11 gennaio
Oggi, ma nel 1919, a Milano, al Teatro alla Scala, alle 21, l’onorevole Leonida Bissolati, esponente della corrente più a sinistra del Partito socialista riformista italiano ed ex ministro del governo presieduto da Paolo Boselli e poi da Vittorio Emanuele Orlando, veniva bruscamente interrotto e contestato durante il discorso pubblico per spiegare la propria posizione in merito alle nuove linee di frontiera concordate con la Società delle nazioni, facente riferimento al presidente statunitense Woodrow Wilson, e di argomentare i contrasti che lo abbiano portato alle dimissioni dall’esecutivo il 31 dicembre precedente.
Il drappello, che riusciva ad introdursi nel tempio della musica lirica meneghino grazie a biglietti d’invito di fortuna, era guidato da fascisti, arditi e futuristi tra i quali spiccavano tre giornalisti con esperienze militari alle spalle, ovvero Filippo Tommaso Marinetti, Armando Mazza e Benito Mussolini, alla testa dei tre rispettivi gruppi. Gli agitatori scagliatisi contro il rappresentante dell’interventismo democratico agli albori del primo conflitto mondiale non venivano allontanati dai rappresentanti delle forze dell’ordine.
L’obiettivo dell’ex numero uno del dicastero dell’Assistenza militare e delle pensioni di guerra, in carica dall’1 novembre 1917, cremonese, avvocato, classe 1857, era quello di ribadire quanto già rilasciato nella dichiarazione a “The Morning Post”, giornale conservatore londinese, due giorni addietro, 9 gennaio: Fiume doveva spettare al Belpaese, ma la Dalmazia jugoslava e la frontiera settentrionale dell’Italia doveva essere tracciata sotto Bolzano, escludendo così il Tirolo.
Lo scopo dei facinorosi è quello di inneggiare a Zara, Spalato, Fiume, di ribadire che i trentini si vergognino di essere appellati quali tirolesi, ma soprattutto di creare scompiglio.
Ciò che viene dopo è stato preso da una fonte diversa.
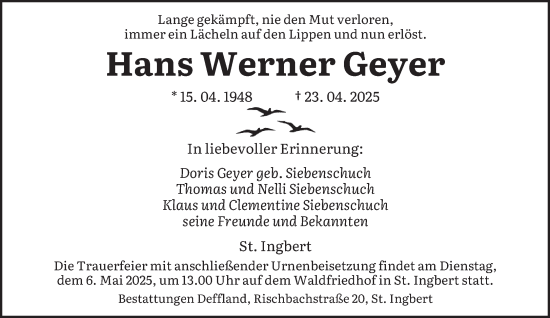 Todesanzeige von Hans Werner Geyer von saarbruecker_zeitung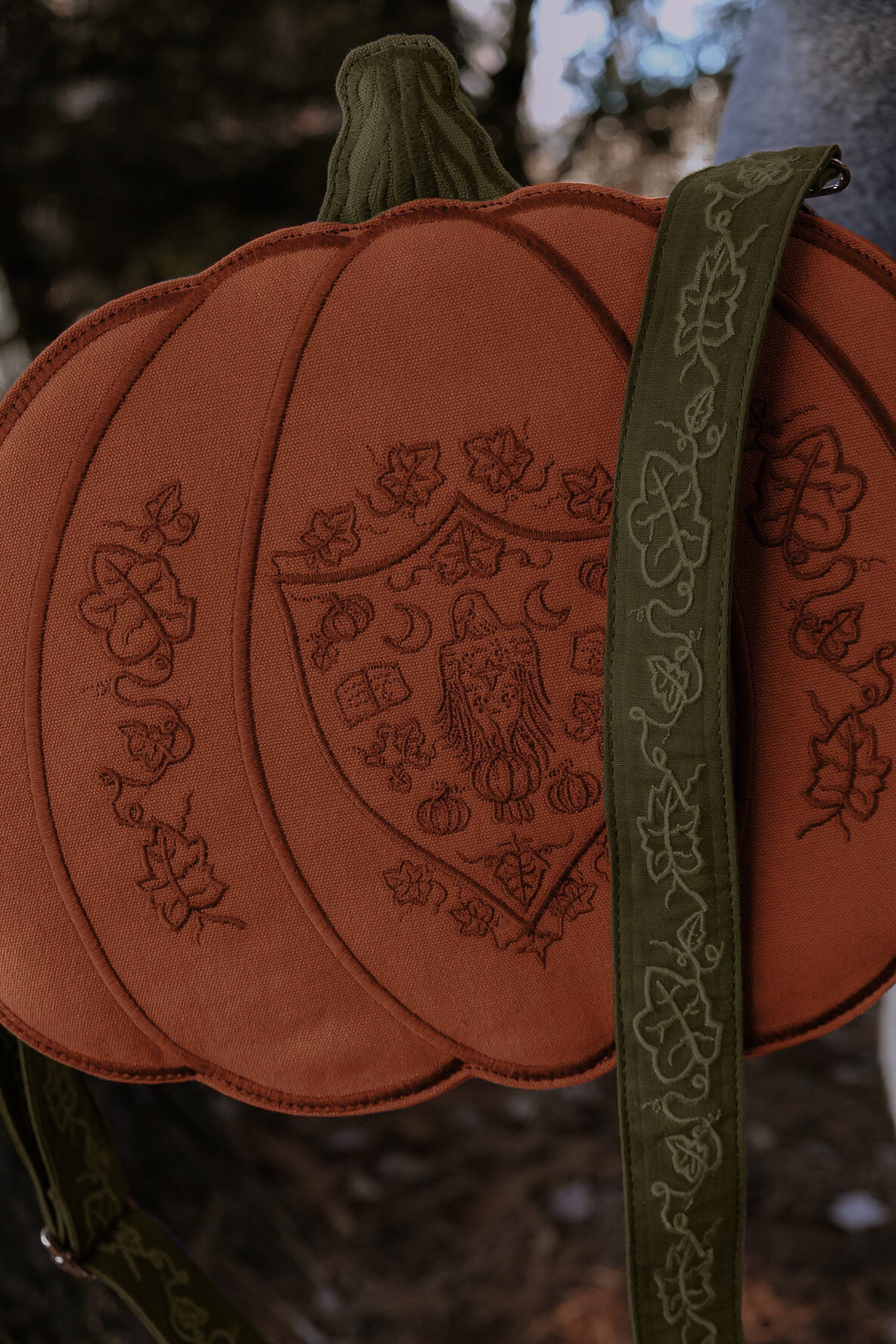 PREORDER- Orange and Green Pumpkin Crossbody Bag- Foxchant & Ravenspell collection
Il parapiglia verrà riportato sull’edizione del quotidiano “L’Avanti”, organo del Psri, del giorno successivo, 12 gennaio, sostenendo: «Non ci è mai accaduto di trovare nell’ambiente più aristocratico della città e forse d’Italia, raccolto una folla di gente per bene o benpensante che fosse così sprovvista di educazione, di spirito, di tolleranza, di capacità ragionante, da non poter restare un momento in ascoltazione anche di un pensiero contrastato. Mai turpiloquio più ripugnante ha ferito i nostri puritani timpani».
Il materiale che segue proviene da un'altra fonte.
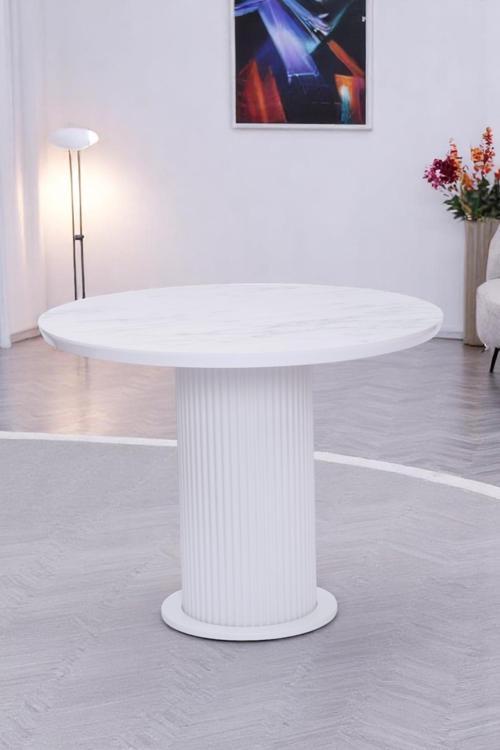 Bohem Yuvarlak Lak Panel Mutfak Masası 100cm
Ma il giorno appresso sarà anche quello in cui si terrà il comizio rivolto ai lavoratori, promosso dalle organizzazioni col simbolo del garofano rosso, nella sala ricreativa della Casa del popolo di via Manfredo Fanti (nella foto, particolare, l’adunata, nello scatto proveniente dall'archivio iconografico della Società Umanitaria del capoluogo lombardo), e seguiranno tafferugli con feriti ed arresti.